Intéressant de voir les controverses de la semaine autour, notamment, de la décapitation d'une statue de Christophe Colomb. Les mêmes qui s'insurgent n'avaient pas fait montre de la même indignation quand avaient été abattues les statues de Saddam, il n'y a pas si longtemps.
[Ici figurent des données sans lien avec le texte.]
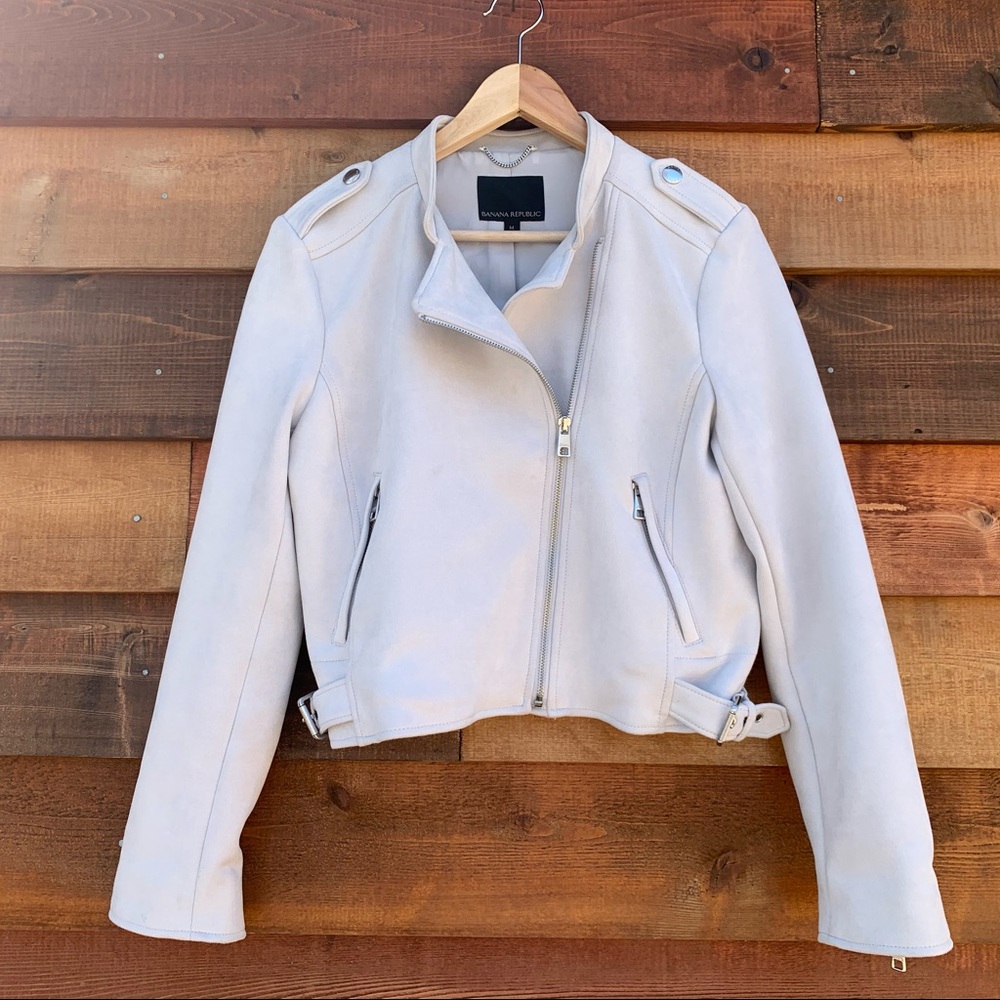 Banana Republic Vegan Suede Moto Jacket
De quoi se plaignent-ils ?
Maintenant, ça leur fait une statue d'Ann Boleyn
pour le même prix


Non que je me fasse l'avocat du démontage des statues, je note que c'est chez le très conservateur Carlyle qu'on propose d'abattre les statues "ces horribles solécismes de bronze" pour en faire des baignoires, et que souvent dans l'histoire il est arrivé qu'on fonde les statues pour en faire des canons. Les mêmes qui se seraient insurgés de l'abattage par Courbet de la colonne Vendôme ont été mettre des coups de canif à une installation artistique au pied de celle-ci, et censurent à l'occasion sa peinture à lui. Dans une époque aussi compliquée que la nôtre, la cohérence intellectuelle devient une denrée rare (et je ne parle même pas de ce pauvre philosophe médiatique qui, après avoir fait sa carrière sur la destruction des idoles, s'insurge à son tour qu'on le prenne au mot).
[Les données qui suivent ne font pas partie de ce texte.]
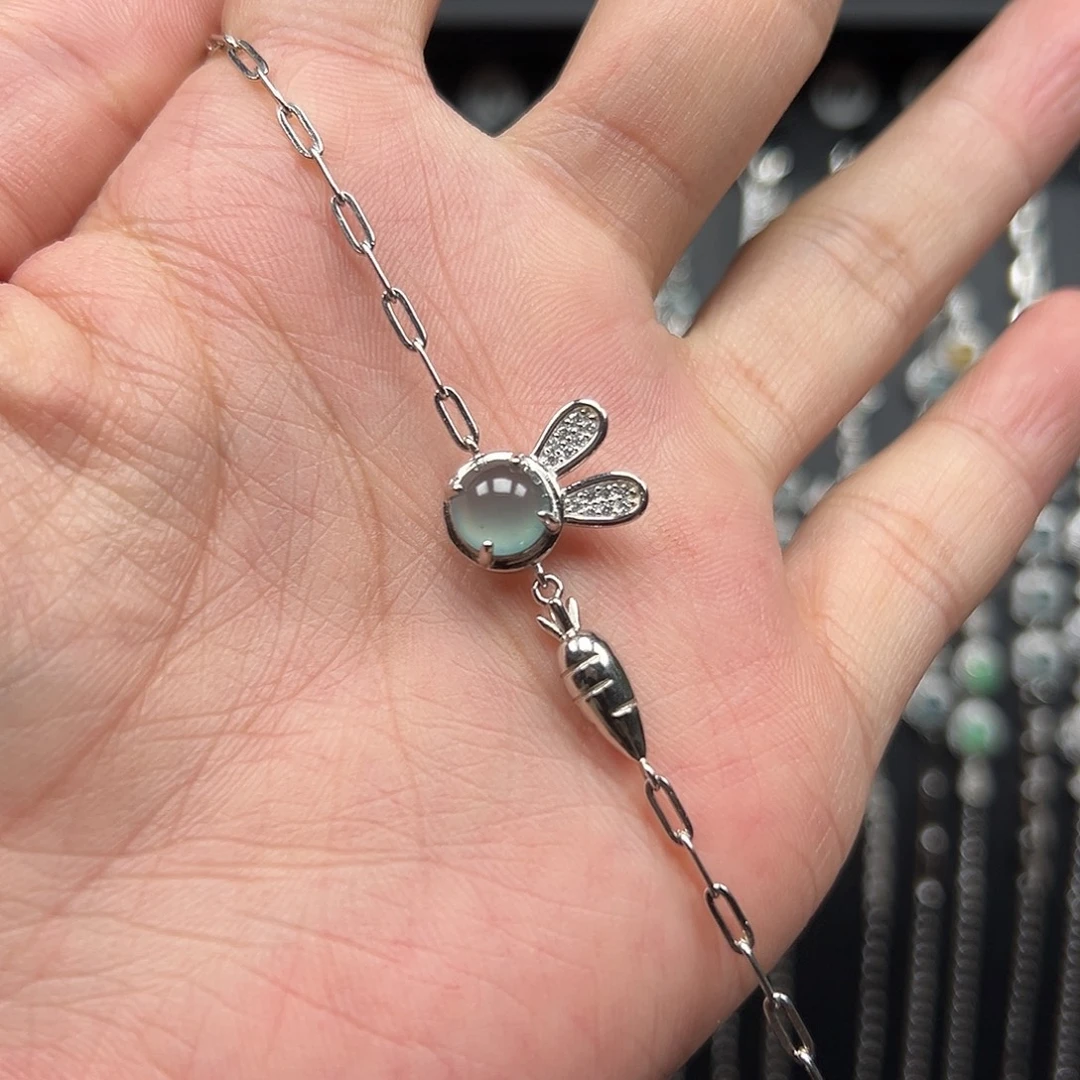 翡翠银S925镶嵌手链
Notons au passage que statufier un homme, quels que soient ses mérites ou l'absence d'iceux, c'est généralement en détruire l'apport réel, l'individualité, l'histoire, pour le réduire à une image facile et consensuelle.

Bref, Colomb avait comme tant d'autre été statufié, et voici qu'on s'en prend à son image. Il y a à cela des raisons historiques, notamment son comportement anticipant sur celui de Leopold II de Belgique (dont les statues aussi subissent en ce moment la vindicte) quand il lui a fallu apprendre la valeur travail à des gens qui n'en avaient pas eu besoin jusqu'alors, et l'amour de Dieu aux mêmes, à grands coups de Schlague pour que ça rentre bien, mais il faut contextualiser, c'était la mode de l'époque.

Mais faut-il déboulonner le visionnaire pour punir le souvenir du massacreur avide d'or ? Bonne question, dommage que le bac Philo soit… Y a eu un Bac Philo, cette année, finalement ? J'ai pas suivi. Le feuilleton Blanquer me donnait le tournis. Bref. Donc, Colomb le visionnaire.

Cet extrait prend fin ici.